[What is being asked]:
Please return the records below exactly as they stand, with the pictures removed.

[Source material]:

[Start of Attachment]

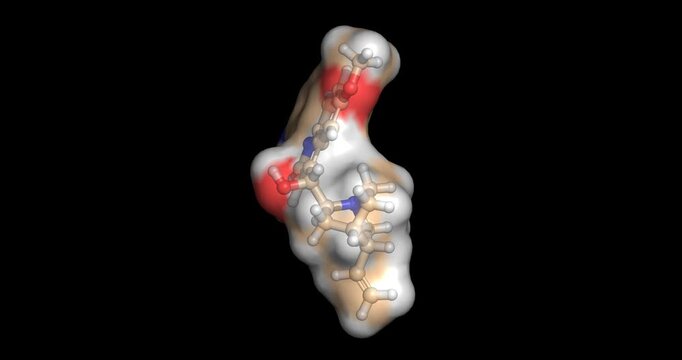 Quinine, rapid-acting alkaloid drug used for acute malaria infection therapy, 3D molecule spinning, 4K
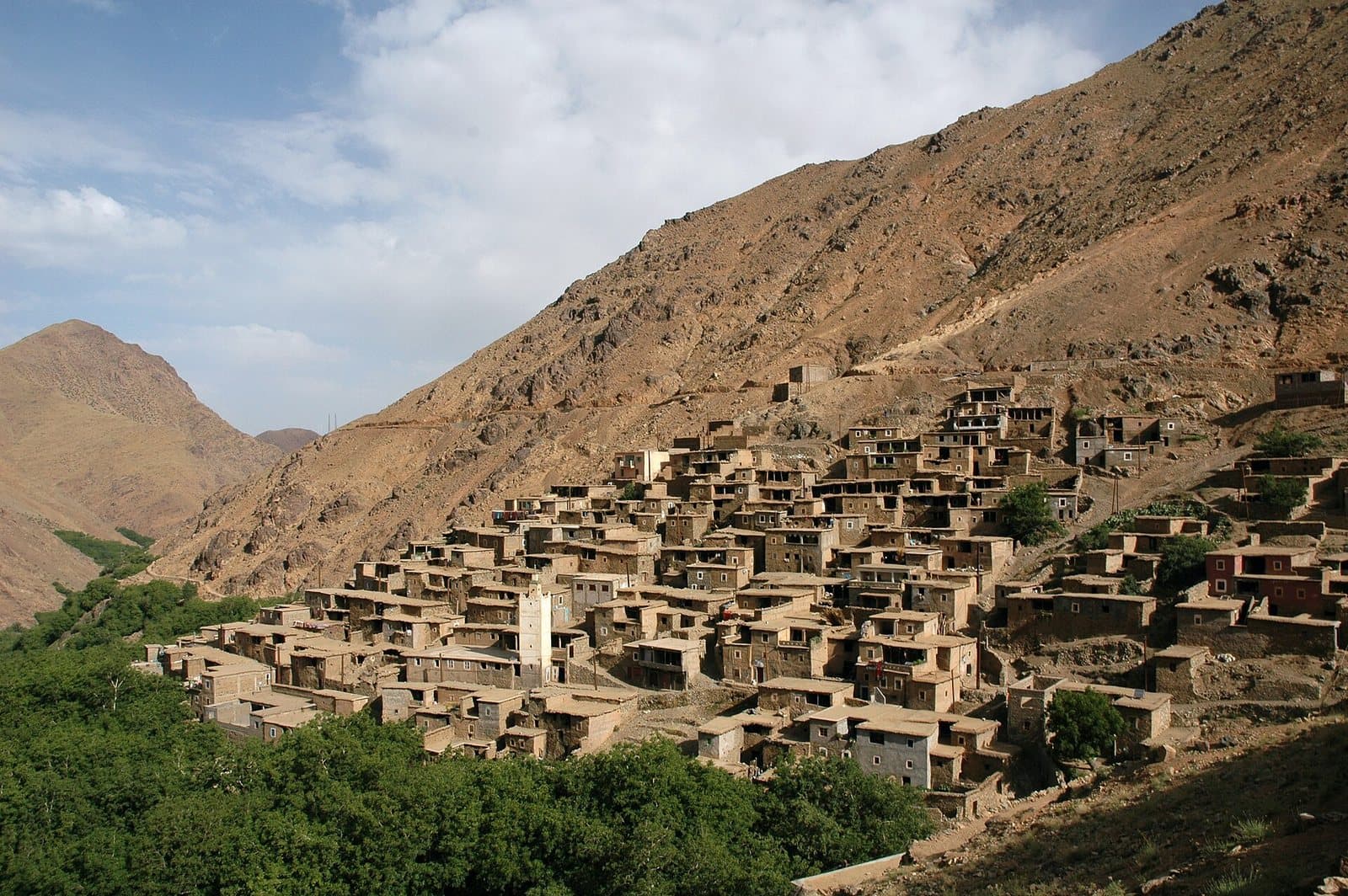 The flat-roofed earthen houses of Amssakrou built up a steep valley side above a band of green fields.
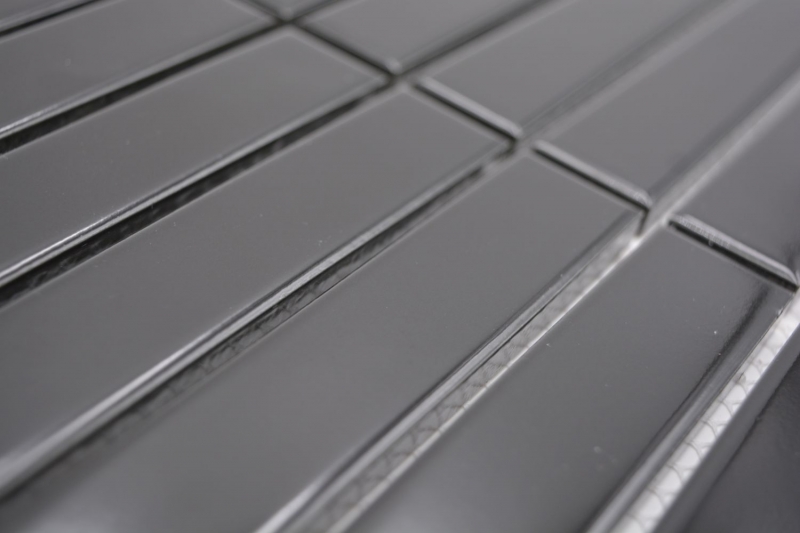 Cerámica mosaico negro brillante varilla mirada mosaico azulejo cocina pared azulejo backsplash baño ducha pared MOS24-S50_f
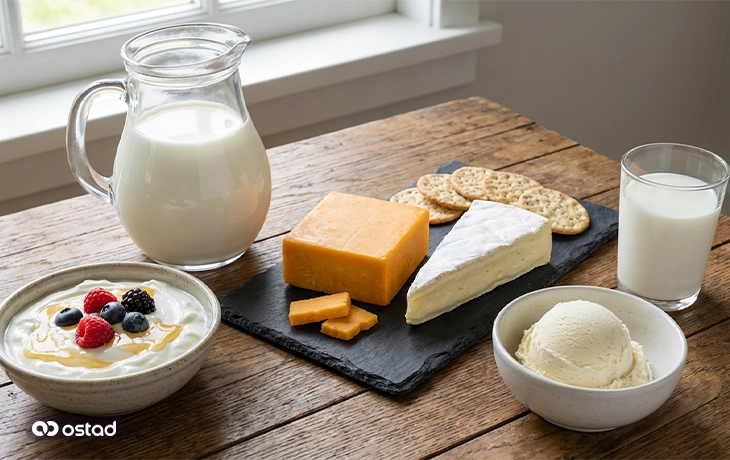 میزی از محصولات لبنی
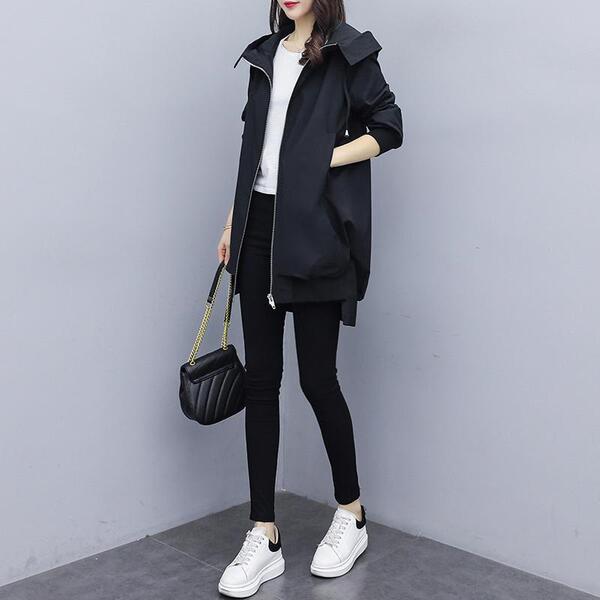 Demi-season khaki elegant trench coat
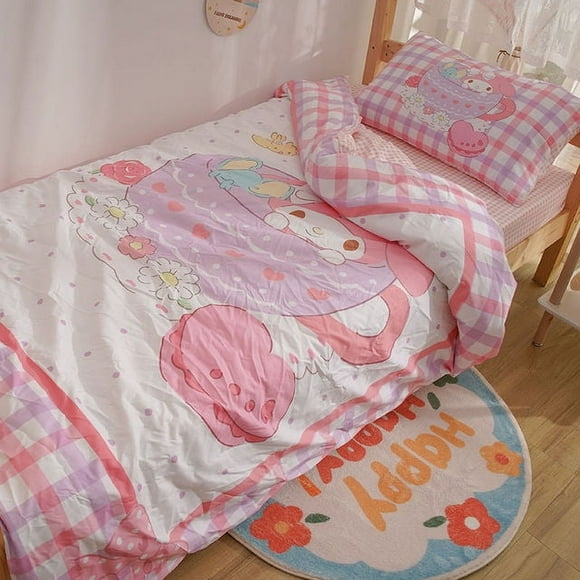 Sanrio Hello Kitty Kuromi Cinnamoroll Ensemble de Literie Quatre Pièces Literie Double Taie d'Oreiller Draps Draps Dortoir Textile à la Maison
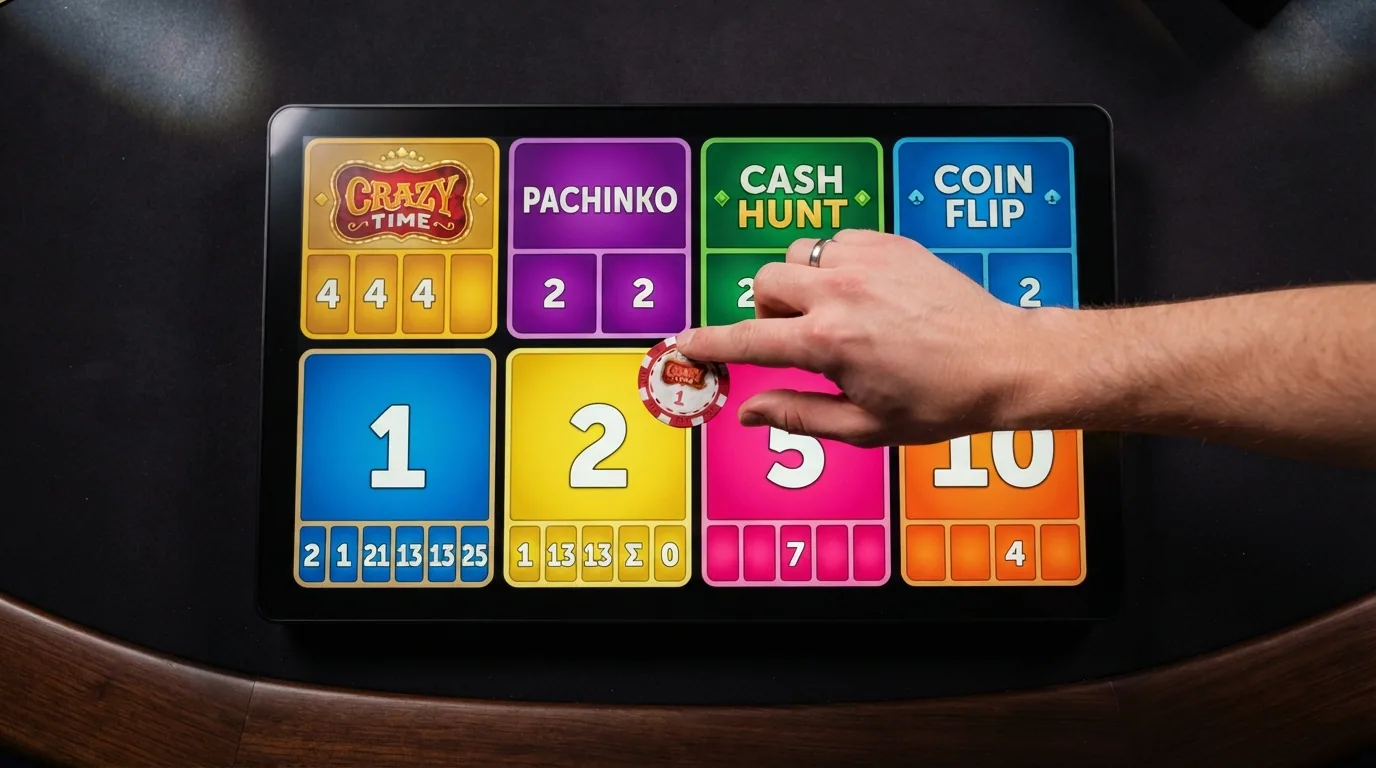 El panel de apuestas de Crazy Time con los 8 tipos de apuesta disponibles
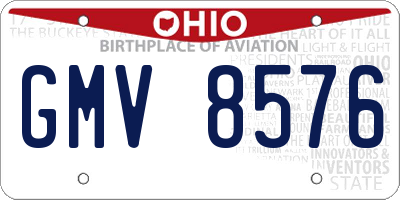OH license plate GMV8576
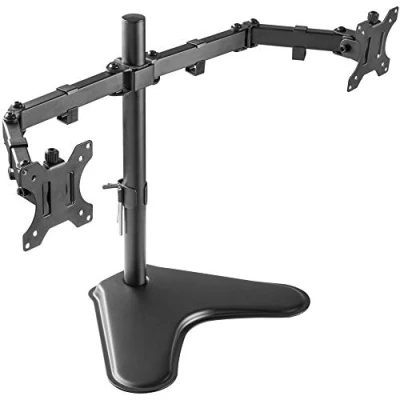 Afbeelding van RICOO monitorhouder voor tafel, VESA tafelhouder 13 27 inch, 2 monitorarm TS7311, beeldschermhouder, monitorarm, monitorhouder,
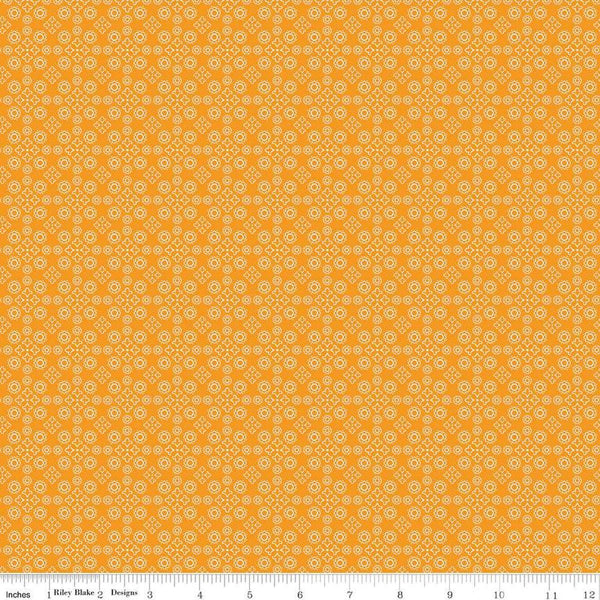 Image of the Cheddar at Twilight Medallion Cheddar quilting cotton fabric by Riley Blake Designs. Features geometric medallion pattern on a bright orange background. 
Cute Little Fabric Shop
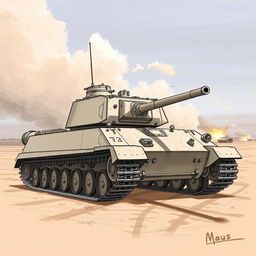 A detailed 2D drawing of a Maus tank, showcasing its distinctive features such as the large, boxy body, impressive turret, and tracks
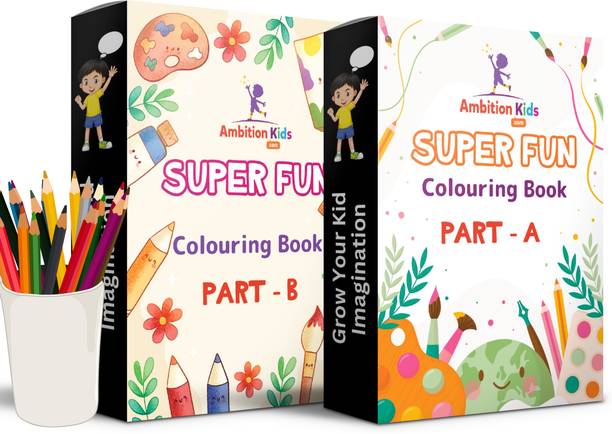 AmbitionKids - Colouring Worksheets - Part A & B - 100 Pages - Fun and Educational Sheets to Spark Creativity and Imagination  - AmbitionKids - Colouring Worksheets - Part A & B - 100 Fun and Educational Pages to Spark Creativity and Imagination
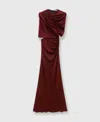 Stella Mccartney Draped Cape Gown Open Back In Dark Cherry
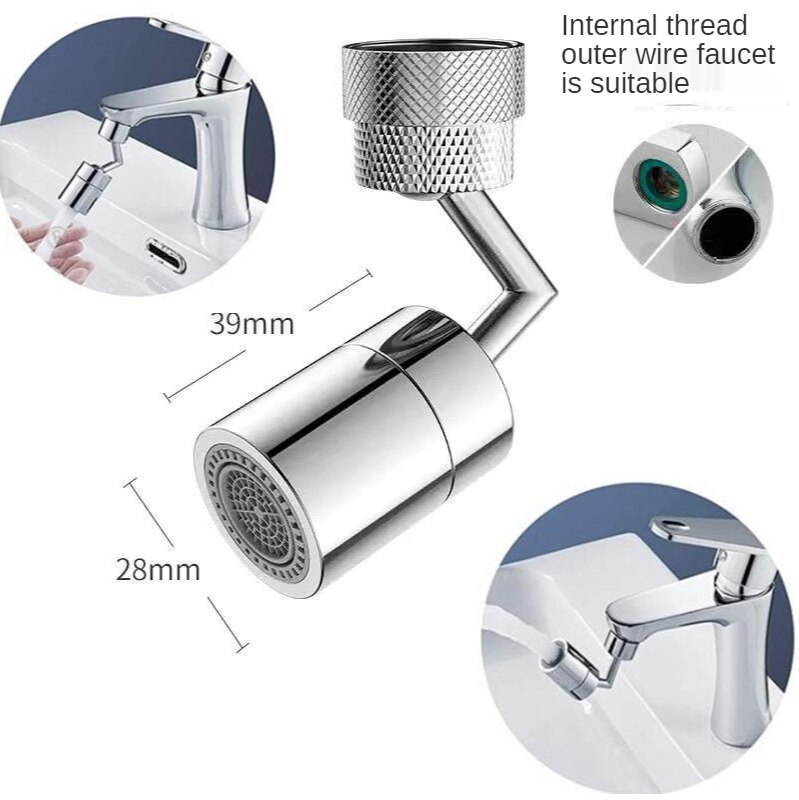 Filtre anti-éclaboussures 720 degrés, prolongateur de robinet de cuisine, économie d&#39;eau, buse de pulvérisation, robinet universel, mousseur aérateur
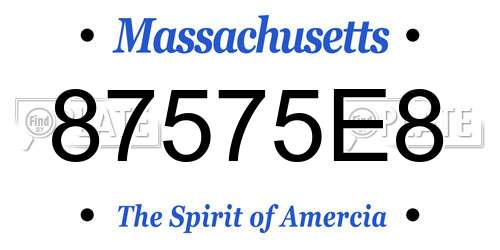 87575E8 Massachusetts License Plate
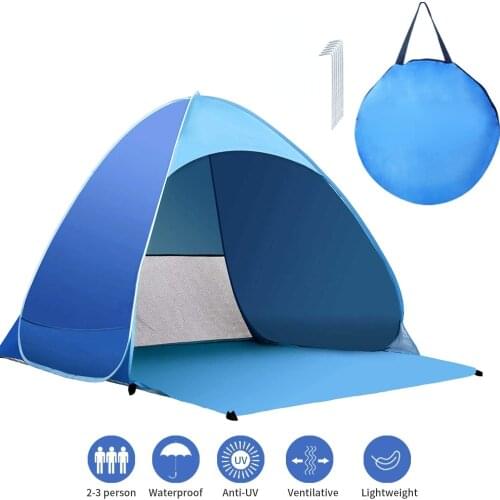 Automatic Pop Up Instant Portable Outdoors Quick Cabana Beach Tent UPF50+ Umbrella Instant Sun Shelter Tent for 3-4 Person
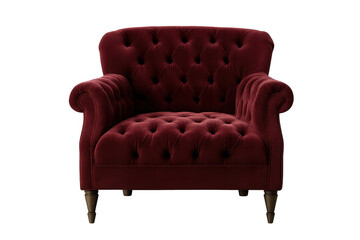 Red velvet armchair with tufted upholstery, classic elegant furniture for interior design and comfortable living, transparent background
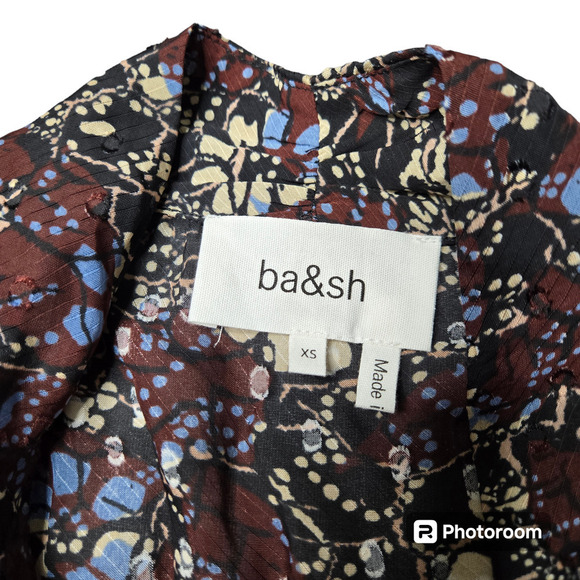 BA&SH Giani Floral Dress in Carbon - Picture 7 of 10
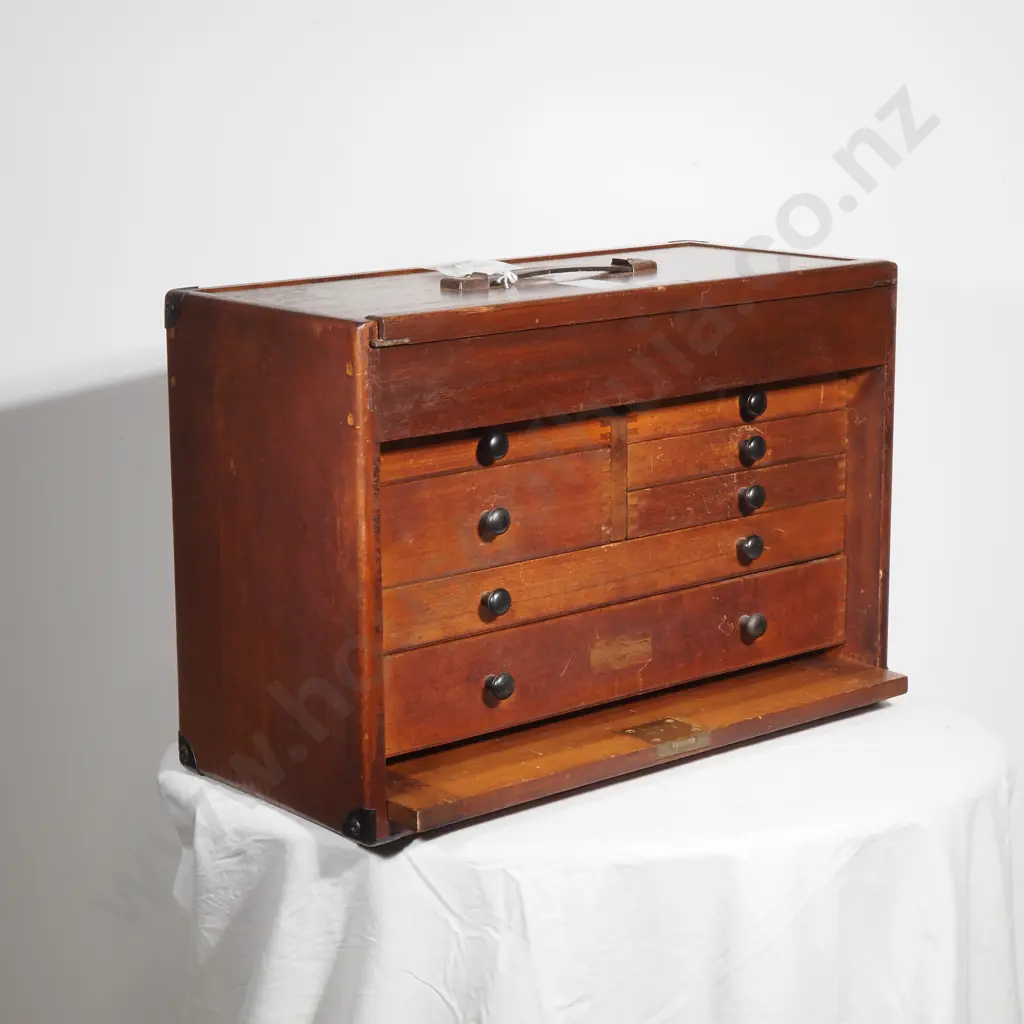Lockable Mahogany Tool Chest w Two Keys - Top Tray & Seven Felt Lined Drawers Image 1++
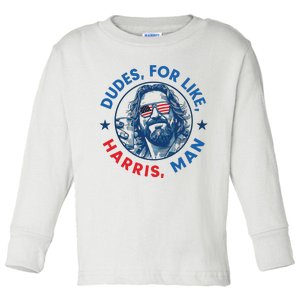 Dudes For Harris Kamala 2024 Madam President Democrat Toddler Long Sleeve Shirt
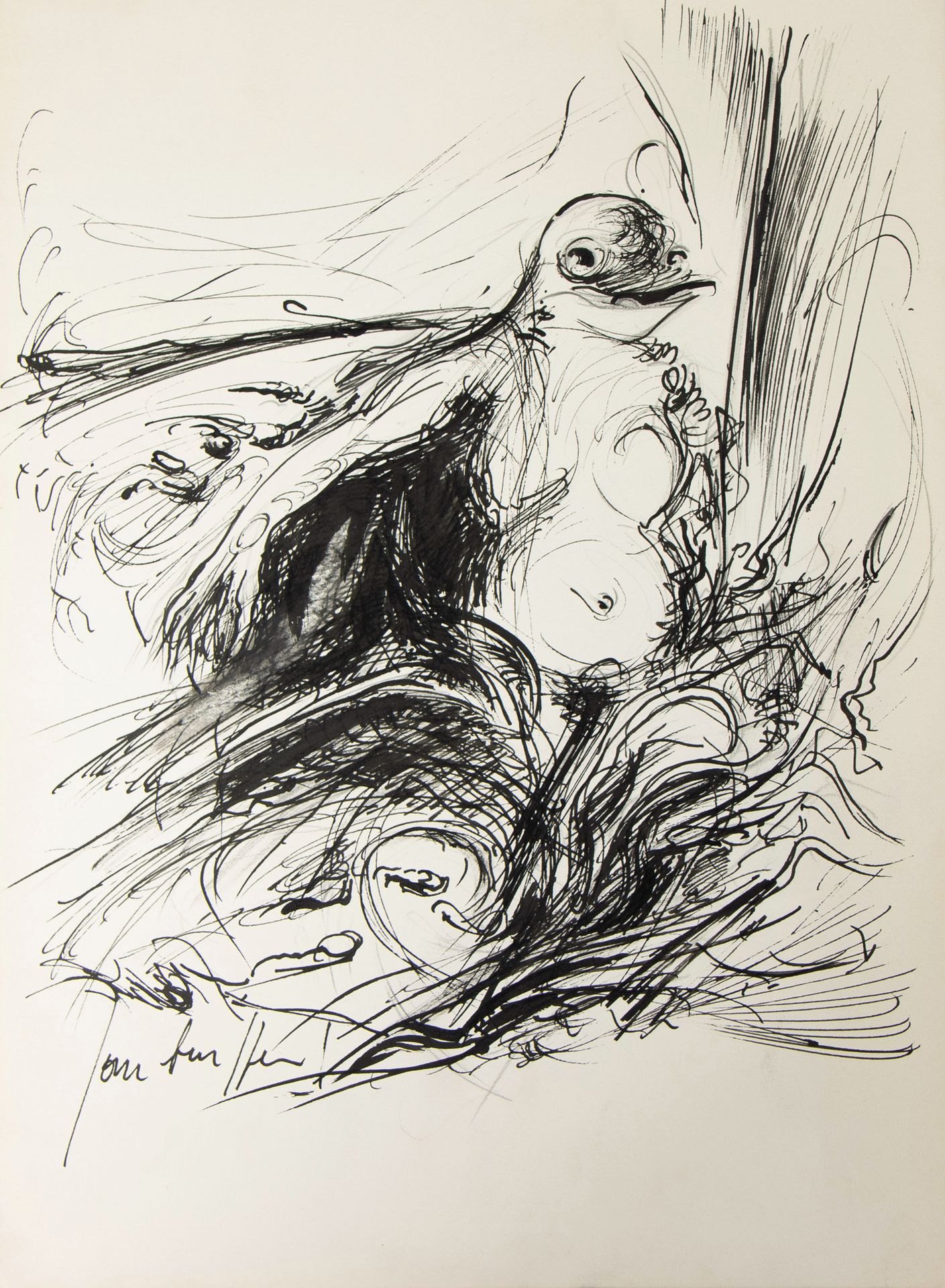 Jan BURSSENS (1925-2002) Jan BURSSENS (1925-2002)
树干人。
绘画，有签名。

鸟人。
绘画，有签名。
37 x&hellip;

[End of Attachment]

[Finished exercise]:
 Quinine, rapid-acting alkaloid drug used for acute malaria infection therapy, 3D molecule spinning, 4K
 The flat-roofed earthen houses of Amssakrou built up a steep valley side above a band of green fields.
 Cerámica mosaico negro brillante varilla mirada mosaico azulejo cocina pared azulejo backsplash baño ducha pared MOS24-S50_f
 میزی از محصولات لبنی
 Demi-season khaki elegant trench coat
 Sanrio Hello Kitty Kuromi Cinnamoroll Ensemble de Literie Quatre Pièces Literie Double Taie d'Oreiller Draps Draps Dortoir Textile à la Maison
 El panel de apuestas de Crazy Time con los 8 tipos de apuesta disponibles
OH license plate GMV8576
 Afbeelding van RICOO monitorhouder voor tafel, VESA tafelhouder 13 27 inch, 2 monitorarm TS7311, beeldschermhouder, monitorarm, monitorhouder,
 Image of the Cheddar at Twilight Medallion Cheddar quilting cotton fabric by Riley Blake Designs. Features geometric medallion pattern on a bright orange background. 
Cute Little Fabric Shop
 A detailed 2D drawing of a Maus tank, showcasing its distinctive features such as the large, boxy body, impressive turret, and tracks
 AmbitionKids - Colouring Worksheets - Part A & B - 100 Pages - Fun and Educational Sheets to Spark Creativity and Imagination  - AmbitionKids - Colouring Worksheets - Part A & B - 100 Fun and Educational Pages to Spark Creativity and Imagination
 Stella Mccartney Draped Cape Gown Open Back In Dark Cherry
 Filtre anti-éclaboussures 720 degrés, prolongateur de robinet de cuisine, économie d&#39;eau, buse de pulvérisation, robinet universel, mousseur aérateur
 87575E8 Massachusetts License Plate
 Automatic Pop Up Instant Portable Outdoors Quick Cabana Beach Tent UPF50+ Umbrella Instant Sun Shelter Tent for 3-4 Person
 Red velvet armchair with tufted upholstery, classic elegant furniture for interior design and comfortable living, transparent background
 BA&SH Giani Floral Dress in Carbon - Picture 7 of 10
Lockable Mahogany Tool Chest w Two Keys - Top Tray & Seven Felt Lined Drawers Image 1++
 Dudes For Harris Kamala 2024 Madam President Democrat Toddler Long Sleeve Shirt
 Jan BURSSENS (1925-2002) Jan BURSSENS (1925-2002)
树干人。
绘画，有签名。

鸟人。
绘画，有签名。
37 x&hellip;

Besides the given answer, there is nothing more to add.